A band I follow recently posted an announcement for a pre-order for the new album they are recording. It isn’t as if the new album was news to the people who are following them closely but everyone was excited for the opportunity to pre-order the long awaited new album. So many comments flooded in. There were lots of positive comments but then there are always those that like to tell the band what sound it should have and that it should sound like blah blah blah previous album. They don’t want any ballads. They don’t want another Screaming Bloody Murder album. They don’t want this and they don’t want that. They are pissed off because Dave and Stevo are no longer in the band. They want Deryck to stop wearing hats. They want Deryck to always wear his hair spiked the way he used to. They always want them to have campy silly photo shoots. Never let us see you have matured and grown. Better not age either because that might piss off some. People feel so entitled to say some of the most horrendous things to celebrities as if they aren’t human and have no feelings. I’m sure this isn’t an exclusive phenomenon experienced only by Sum 41. I’m pretty sure this fear of change is felt by every band who has any kind of following. I sat there reading the comments and I got really annoyed and was thinking “Fuck off!” I am still not sure why I got so annoyed and took the comments so personally. I am not a musician but I do consider myself an artist of sorts…a writer/poet. 

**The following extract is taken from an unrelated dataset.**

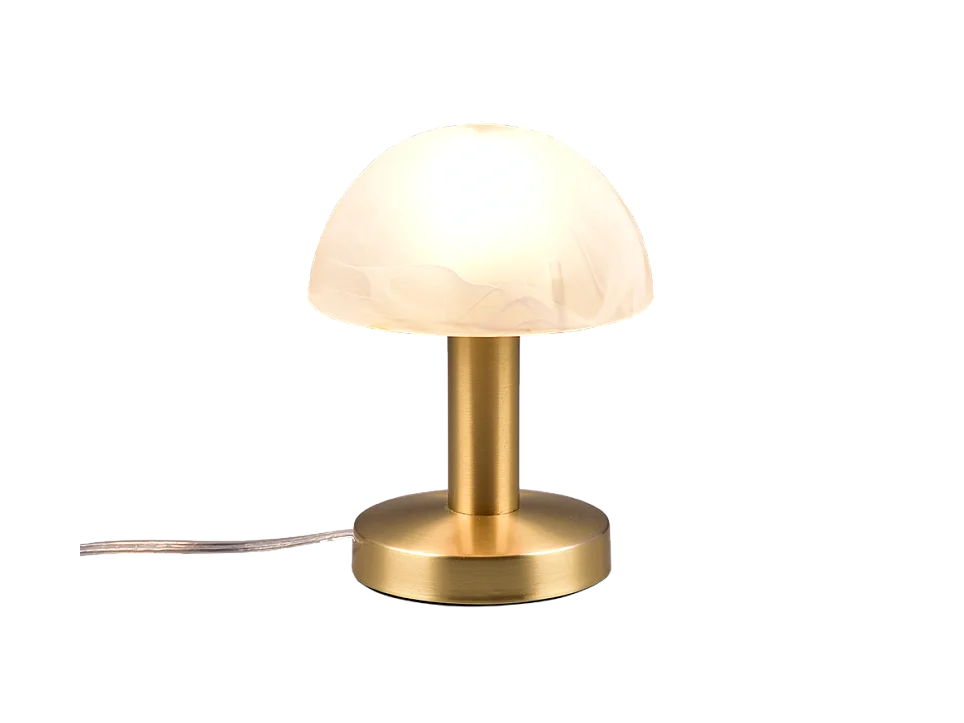 Lampada da tavolo, metallo, ottone satinato, 15x21x15 cm, Fynn Ii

This isn’t a new topic. I have discussed it in comments on the Sum 41 Instagram page. More than once I have discussed how I feel about it all. From a spiritual stand point, I understand that the people who want the music and the band to stay exactly the same have a fear of change and this is being reflected in their desire to keep the things in their life exactly the same. Their desire to keep things exactly the same is so strong that they try to control those around them…including the bands they love. They threaten to not be a fan anymore or they say mean and hateful things. It would be very easy to get upset and lash out at some of these people but each person has a story. Each person has feelings and their reactions are based in a fear of change. I had to step away, pause and think about it instead of reacting out of anger.

Perhaps the best I can do is write this blog and try to show them that their desire to keep their favorite band exactly the same is based in a fear of change and reflects their own fear of moving forward and change in their own lives. The majority of the Sum 41 fans are angsty teens whose whole lives feel volatile and unstable because they are nearing that point where big changes are getting ready to take place be it leaving high school, starting college, etc. Kids are highly hormonal at that point as well therefore emotions are all over the place. They desire something constant and stable in their lives if they have a sense that their life is out of control…which is why they seek to try to control what matters to them most like a band whose music speaks to their angst.

My hope is that some of these people will recognize their fear of change and then choose to face it. I challenge them to embrace change. Embrace change in yourselves and in others…even if it means your paths part because of it.

Here is the thing, we all have free will to choose. If a band no longer makes music you dig, move on and discover something new that speaks to your soul. There are SO many bands out there to choose from. It is okay to hold a special place in your heart for the albums you loved that are basically like a soundtrack for a specific time period in your life, but don’t expect anyone to stay exactly the same because of your fear of change.

Below is an exchange that took place after the below photo was posted on Instagram:

sum41-2015oktobre17: sum41 Long live Sum 41!! May tomorrow always bring about changes for all of you that help you be the very best versions of yourselves. May “right now” always be the moment you cherish most and be filled with all the music of your soul.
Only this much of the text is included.